Hacker News new | ask | show | jobs
by netsectoday 2225 days ago
You can boot up your own custom search engine in a few minutes with YaCy (Ya See!) an open-source, P2P, Dockerized crawler and search engine built on top of Solr.

https://yacy.net/

If you're generous; you can make your index available to other P2P instances.

I wanted to run an API search the other week and was blown away with how quickly I could prop-up my own custom search portal (I didn't want to pay for API access to other search engines, and YaCy comes with a JSON and Solr endpoints).

I ran it locally to test my crawl filters, then pushed a private instance out to Digital Ocean to turn up the heat with the crawling. The only issue I had was the crawler would hit the max memory threshold on long crawls and the container would restart, but that was fixed by scaling up the box.

1 comments

I have my own yacy search engines running internally (non-peered) for similar reasons. One crawls some key code documentation sites that I need for work, and another crawls a whole bunch of music blogs.
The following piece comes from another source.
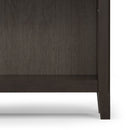 Amherst - 5 Shelf Bookcase, Handcrafted by Unique Piece Furniture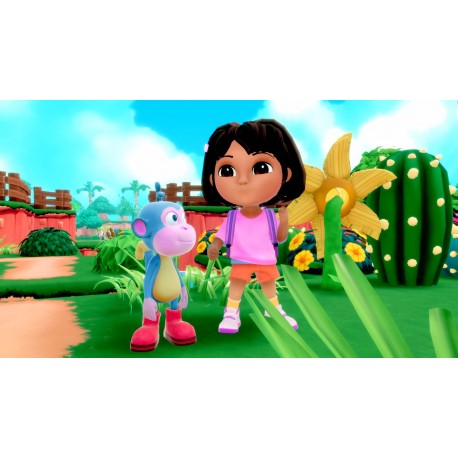 Igra Dora: Rainforest Rescue (Playstation 5)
While I typically still use RSS for reading music blogs, I find having the search engine is a great way to go back and find something or discover something new! Every time I find a new blog, I just add it as an index to yacy to crawl.

I think it'd be great to see people spinning up larger instances that are highly specialized. For example, maybe a search engine that is dedicated solely to sci-fi and only crawls high quality boards, personal sites and blogs, and skips all the spammy, seo-optimized sites.